As a teenager Sereny heard Hitler speak and she would later befriend Speer, after he made contact with her. But as an adult she had no sympathy for the doctrines they espoused. She was involved in what amounted to a long-running feud with the right-wing historian David Irving.
In his book Hitler's War (1977), Irving suggested Hitler knew nothing of the Final Solution and cited a lot of evidence to support his case. But Sereny went back to original sources and argued that Irving had been very selective in what he had used.
Sereny said: "I know many of the same people as he does who were of Hitler's circle - He says we jostle at the same trough. The difference is that he loves that trough, and I don't." Irving resorted to name-calling and said she looked like "a shrivelled little prune".

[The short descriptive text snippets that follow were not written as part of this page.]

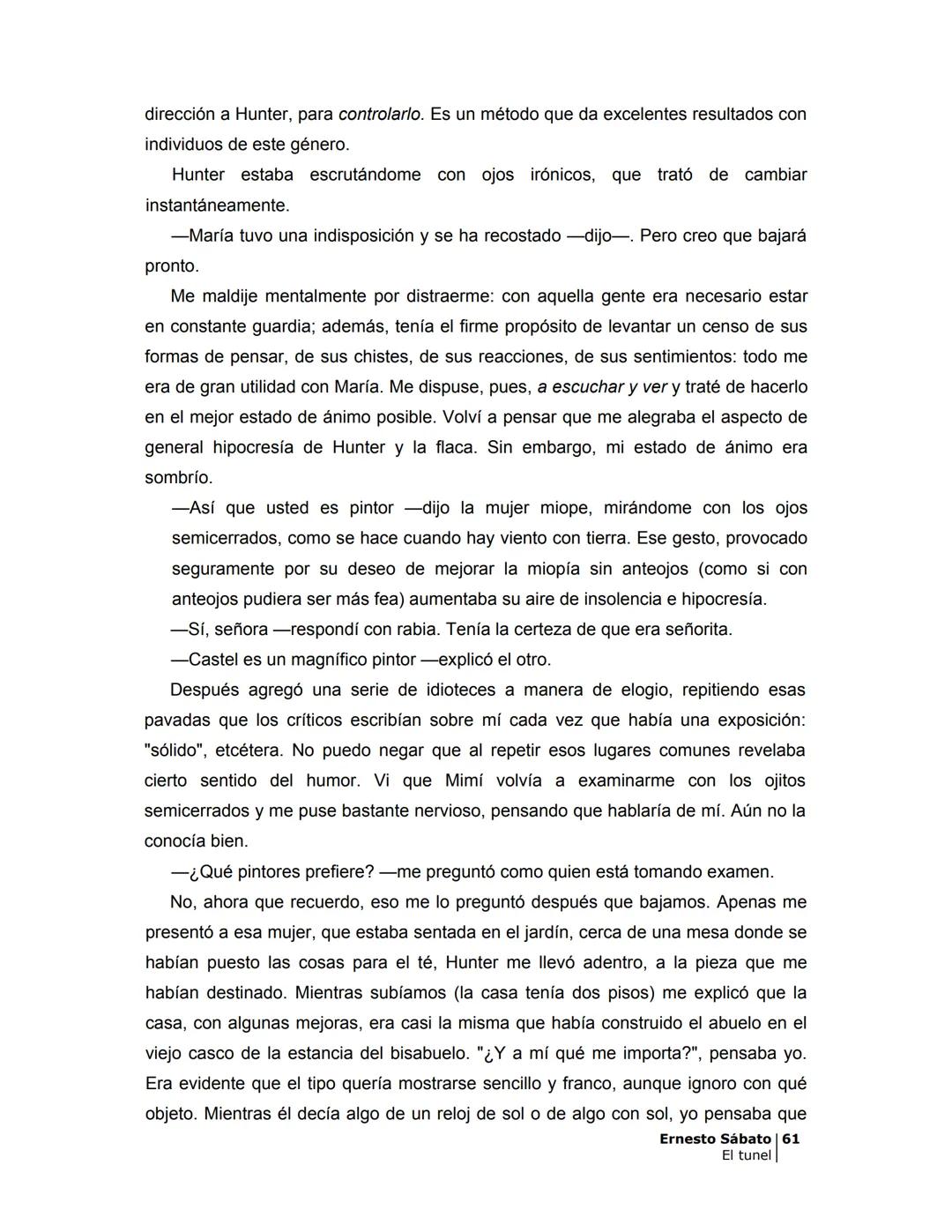 ## EL TÚNEL
ERNESTO SÁBATo ÍNDICE
I.
5
II
6
III
8
IV
.
9
V
13
VI.
16
VII
19
VIII.
22
IX.
23
X.
28
XI.
30
XII.
31
XIII.
34
XIV
38
XV
39
XVI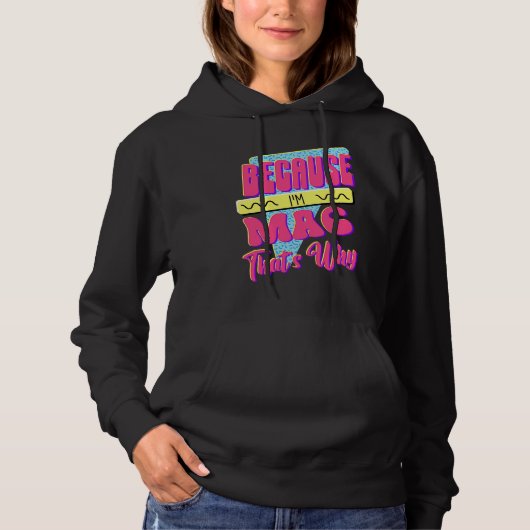 Omdat ik Mac ben, daarom Hoodie (Voorkant)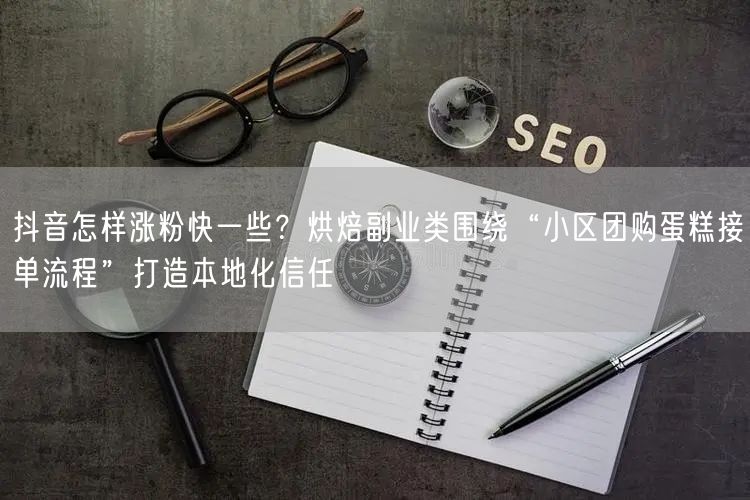 抖音怎样涨粉快一些?烘焙副业类围绕“小区团购蛋糕接单流程”打造本地化信任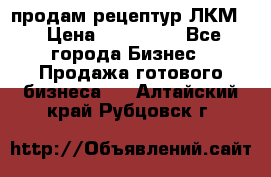 продам рецептур ЛКМ  › Цена ­ 130 000 - Все города Бизнес » Продажа готового бизнеса   . Алтайский край,Рубцовск г.
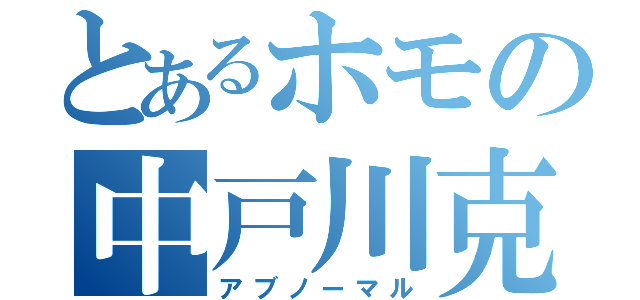 とあるホモの中戸川克毅（アブノーマル）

Oddly, for a woman who was so thorough in ascertaining the facts, there seemed to be some elements of doubt in the details of her own life, but possibly nothing more sinister than an old woman knocking a few years off her age and a little exaggeration in stories about her early adventures.
Despite her interest in the Holocaust, she was not Jewish. She was born into an aristocratic Hungarian family in Vienna in 1921. She attended boarding school in England, where she reputedly read Hitler's autobiographical volume Mein Kampf.
She also seemingly attended one of the Nuremberg rallies and was swept up in the pageantry and spectacle of it, but a few years later was disgusted when she came upon Nazi thugs abusing a Jewish doctor who had once treated her and she intervened to save him.
After studying drama in Vienna, she tried to pursue an acting career in London without success. She was in France when the Nazis invaded, worked as a nurse and helped hide British airmen. As a welfare worker after the war she worked with survivors of the concentration camps.
She married Don Honeyman, an American photographer, who took the photograph of Che Guevara that would later be turned into one of the most famous posters of all time. They settled in London and Sereny began to make a name for herself as a journalist.
The Case of Mary Bell was published in 1972. But it was Cries Unheard that provoked the greatest controversy.
By this time Bell had been released from prison. There was the issue over the cash payment and Sereny was accused of being too ready to believe Bell's accounts of terrible childhood abuse and of sympathising more with Bell than with her victims, who were aged just three and four when she strangled them.
The publicity around the case also led to revelations about Bell's new life and her whereabouts. She had a daughter, who learned about her mother's terrible past for the first time.
Sereny was appointed an honorary CBE in 2003. Her husband died last year. She is survived by their two children.